Your reply should restate the lines from the top of the entries through the line containing "Comentarii opinii despre" word for word, with no pictures.

Segment Open

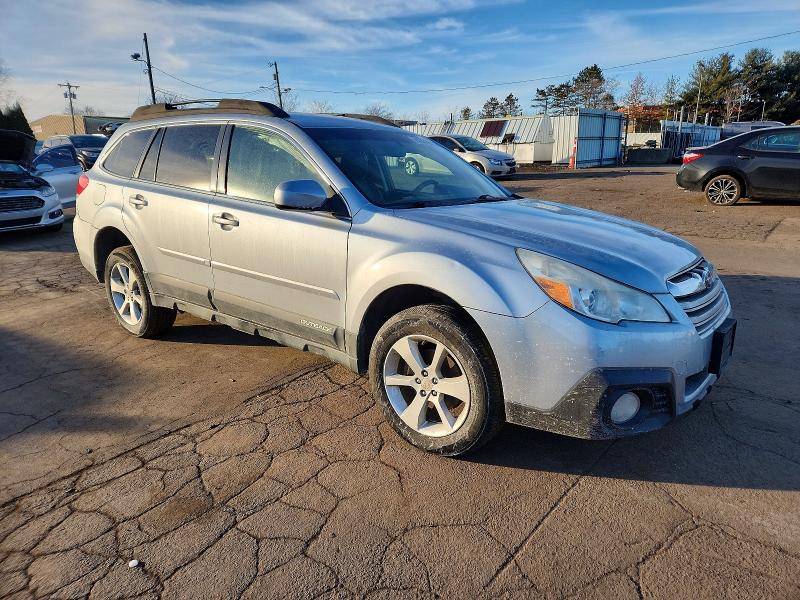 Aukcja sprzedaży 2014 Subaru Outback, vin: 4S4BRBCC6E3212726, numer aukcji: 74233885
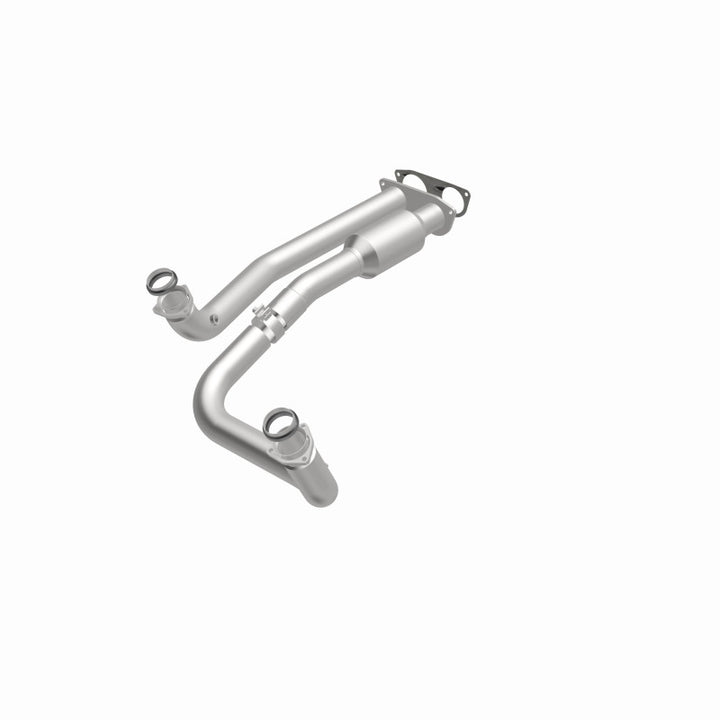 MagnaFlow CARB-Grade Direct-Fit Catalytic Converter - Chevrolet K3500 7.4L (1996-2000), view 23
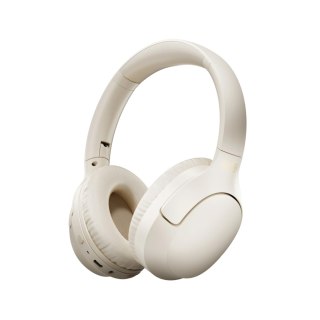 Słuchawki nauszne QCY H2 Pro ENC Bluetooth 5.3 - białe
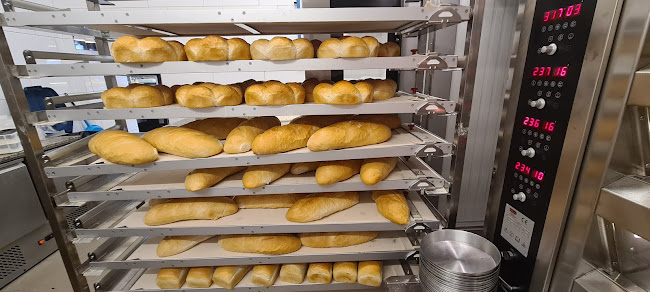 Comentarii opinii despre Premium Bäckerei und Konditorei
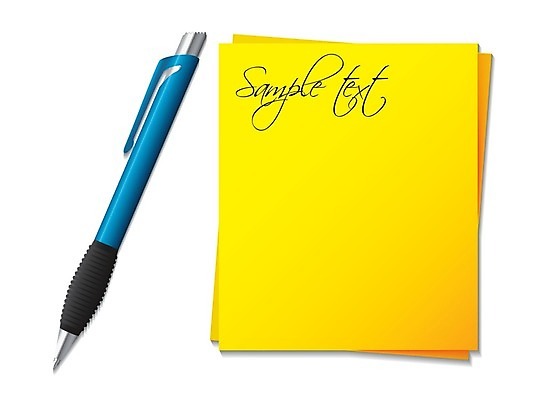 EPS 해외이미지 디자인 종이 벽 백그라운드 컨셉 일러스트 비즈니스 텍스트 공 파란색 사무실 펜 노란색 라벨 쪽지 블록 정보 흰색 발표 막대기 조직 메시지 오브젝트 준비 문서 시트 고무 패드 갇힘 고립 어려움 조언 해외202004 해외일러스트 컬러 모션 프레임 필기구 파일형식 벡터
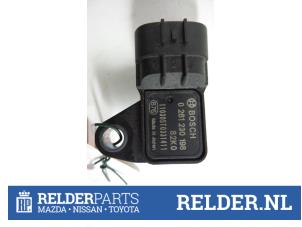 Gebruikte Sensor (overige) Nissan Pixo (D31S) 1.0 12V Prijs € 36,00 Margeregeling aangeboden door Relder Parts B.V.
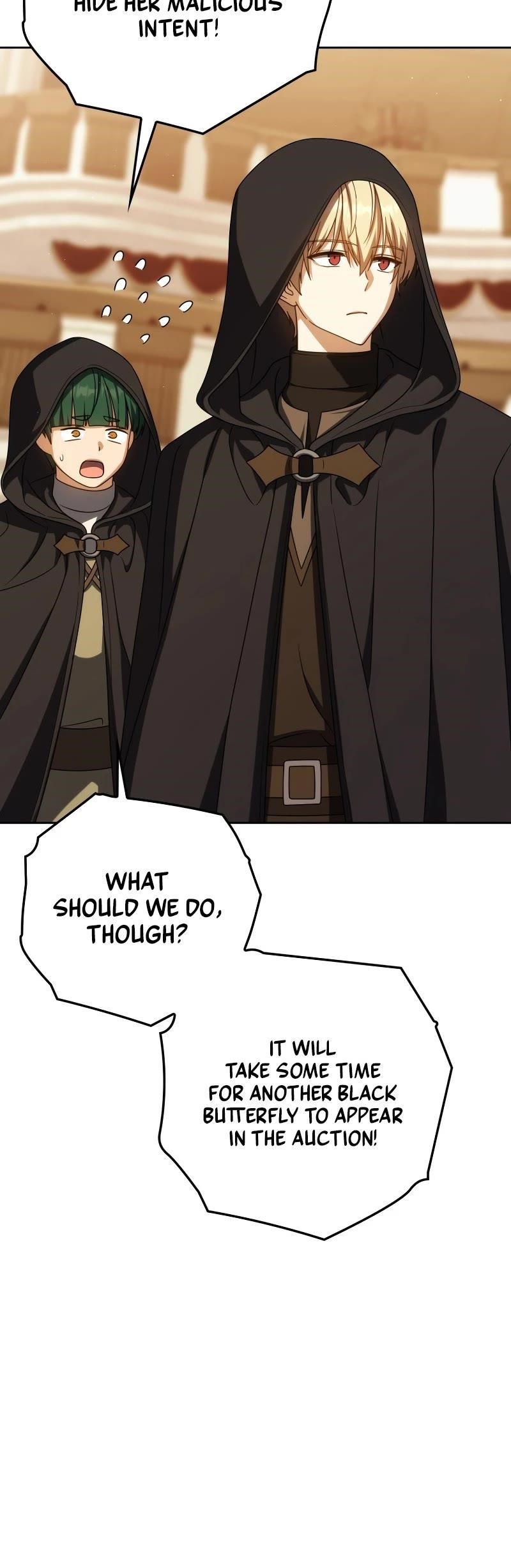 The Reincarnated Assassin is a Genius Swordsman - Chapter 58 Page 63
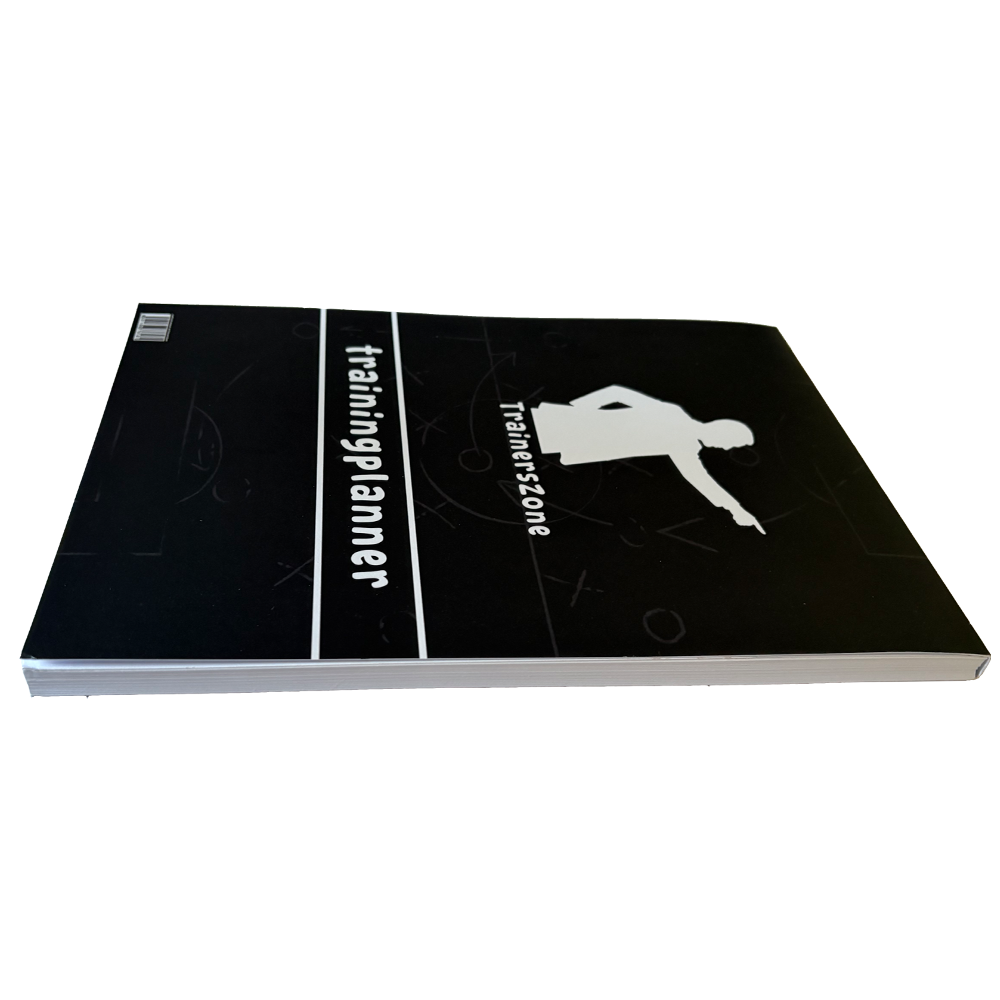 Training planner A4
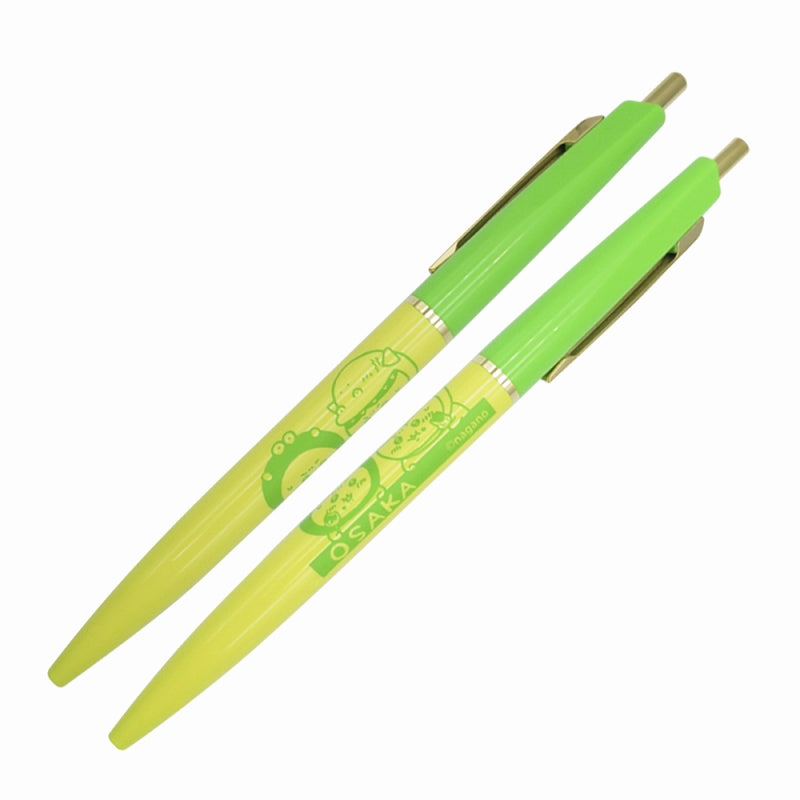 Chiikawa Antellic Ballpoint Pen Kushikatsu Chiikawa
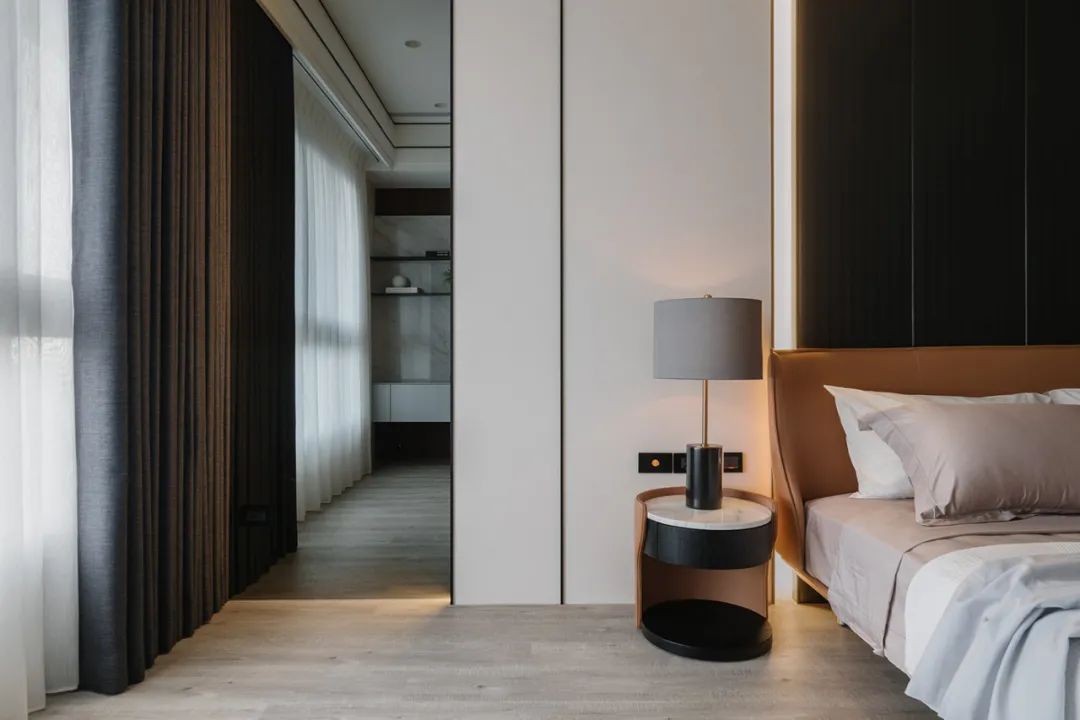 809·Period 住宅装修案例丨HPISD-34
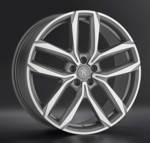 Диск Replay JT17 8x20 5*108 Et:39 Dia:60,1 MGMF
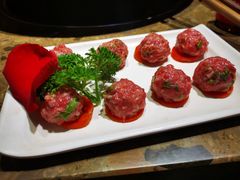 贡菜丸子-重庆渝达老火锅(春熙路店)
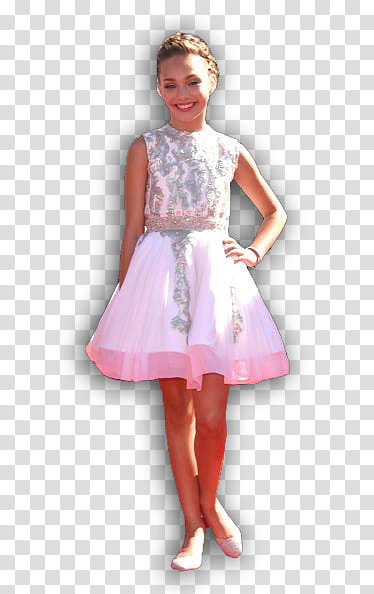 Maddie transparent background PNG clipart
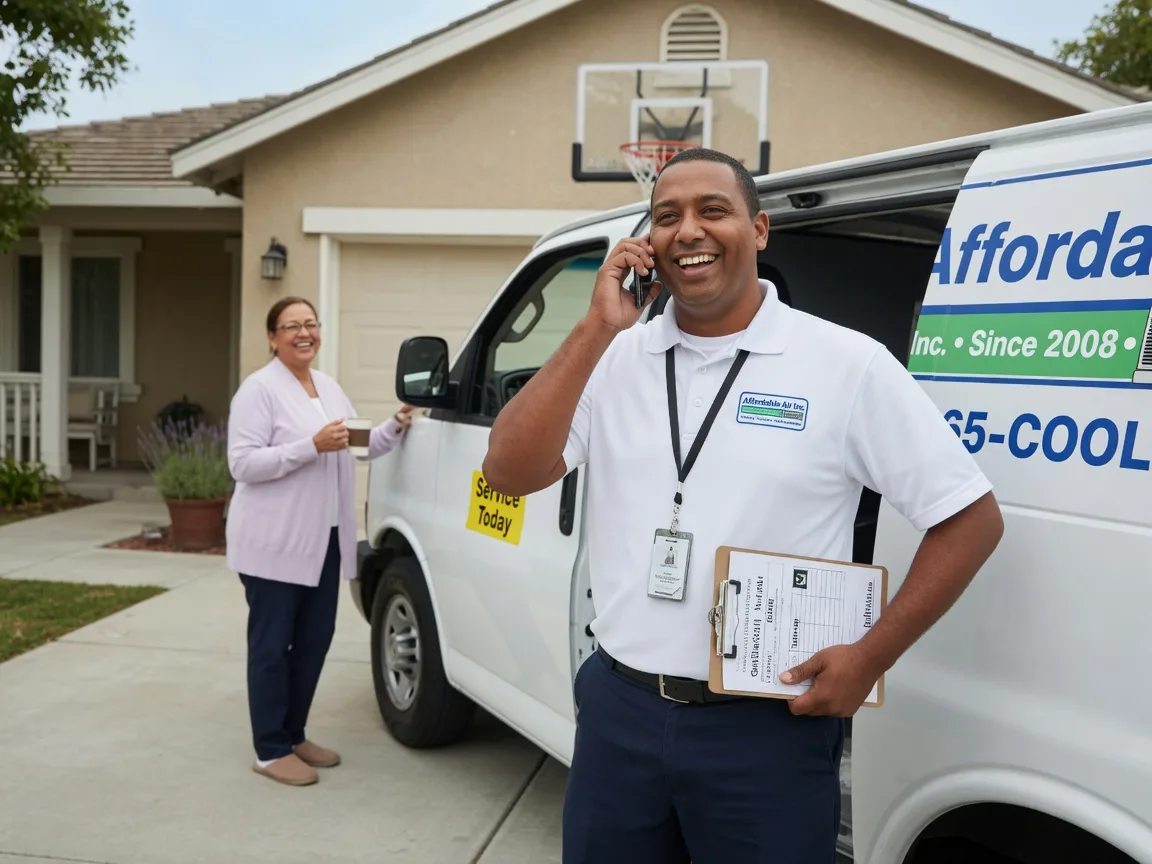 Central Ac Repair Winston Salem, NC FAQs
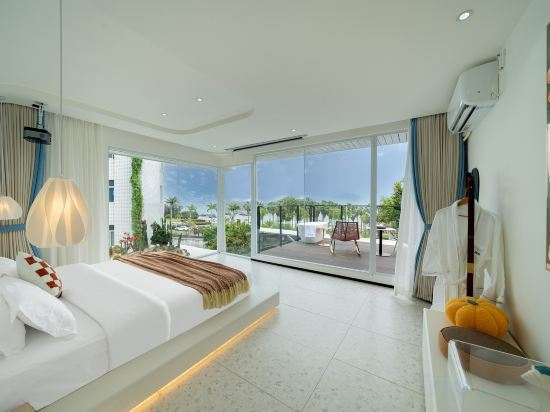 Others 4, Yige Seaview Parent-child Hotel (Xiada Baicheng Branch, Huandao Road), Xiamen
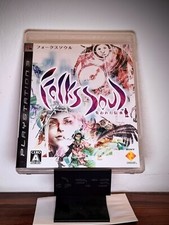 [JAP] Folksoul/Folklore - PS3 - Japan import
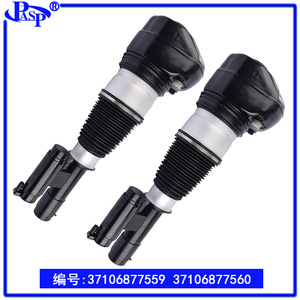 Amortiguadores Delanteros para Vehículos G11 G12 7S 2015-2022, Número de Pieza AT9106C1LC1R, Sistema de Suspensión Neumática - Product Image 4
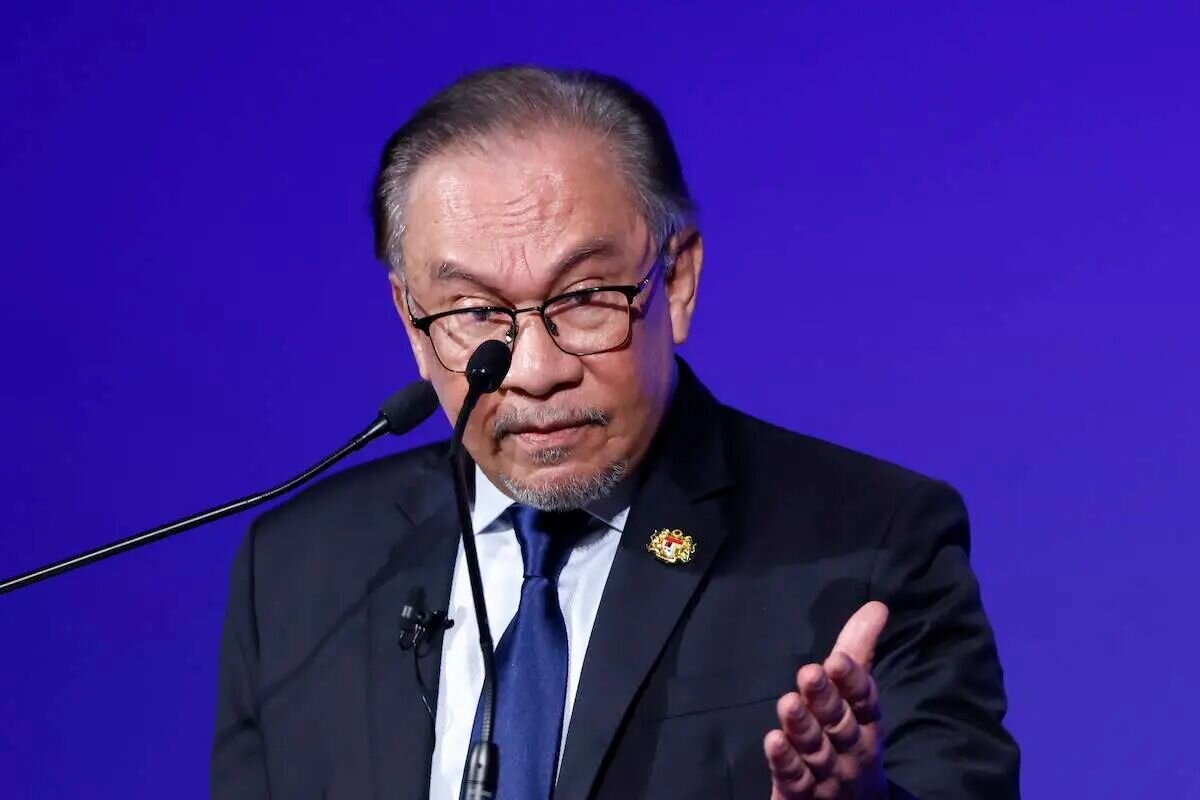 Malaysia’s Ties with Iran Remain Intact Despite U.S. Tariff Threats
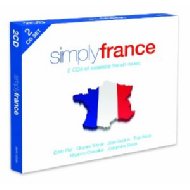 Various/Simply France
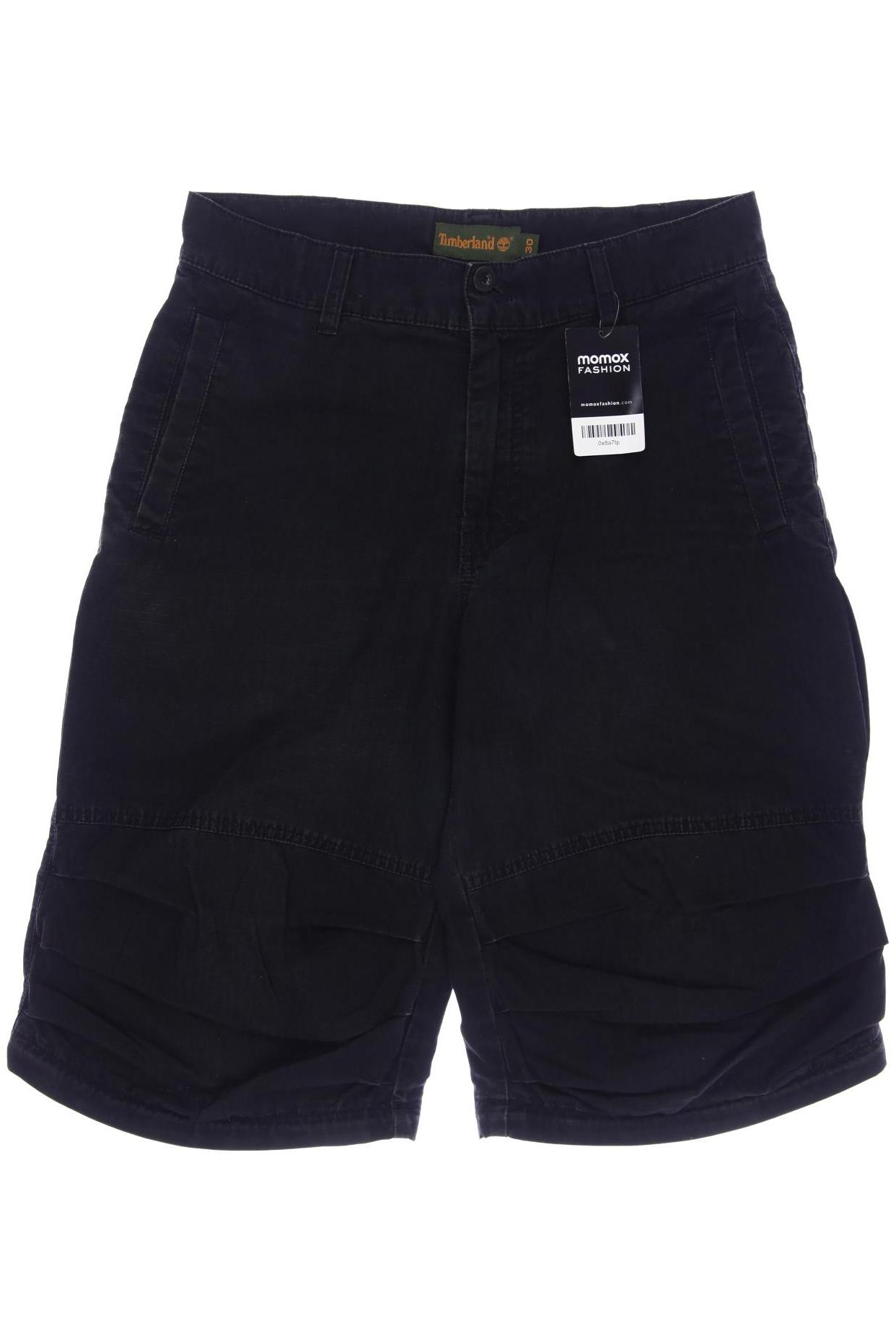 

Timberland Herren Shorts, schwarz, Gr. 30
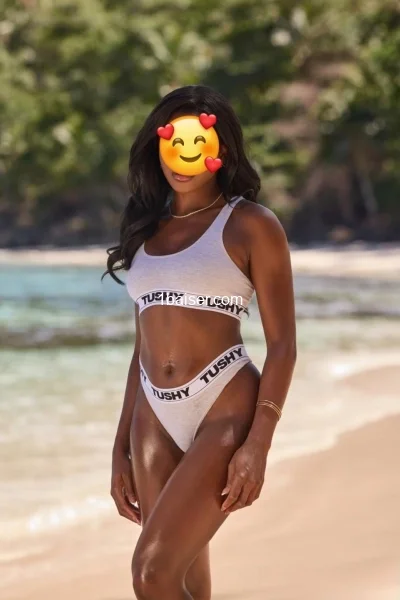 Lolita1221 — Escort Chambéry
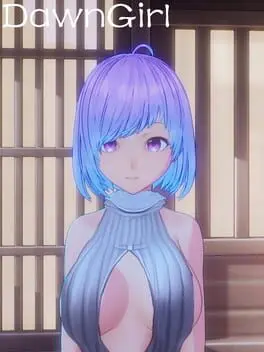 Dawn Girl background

Segment Closed

• **Completed task**:
 Aukcja sprzedaży 2014 Subaru Outback, vin: 4S4BRBCC6E3212726, numer aukcji: 74233885
 MagnaFlow CARB-Grade Direct-Fit Catalytic Converter - Chevrolet K3500 7.4L (1996-2000), view 23
 Słuchawki nauszne QCY H2 Pro ENC Bluetooth 5.3 - białe
 Comentarii opinii despre Premium Bäckerei und Konditorei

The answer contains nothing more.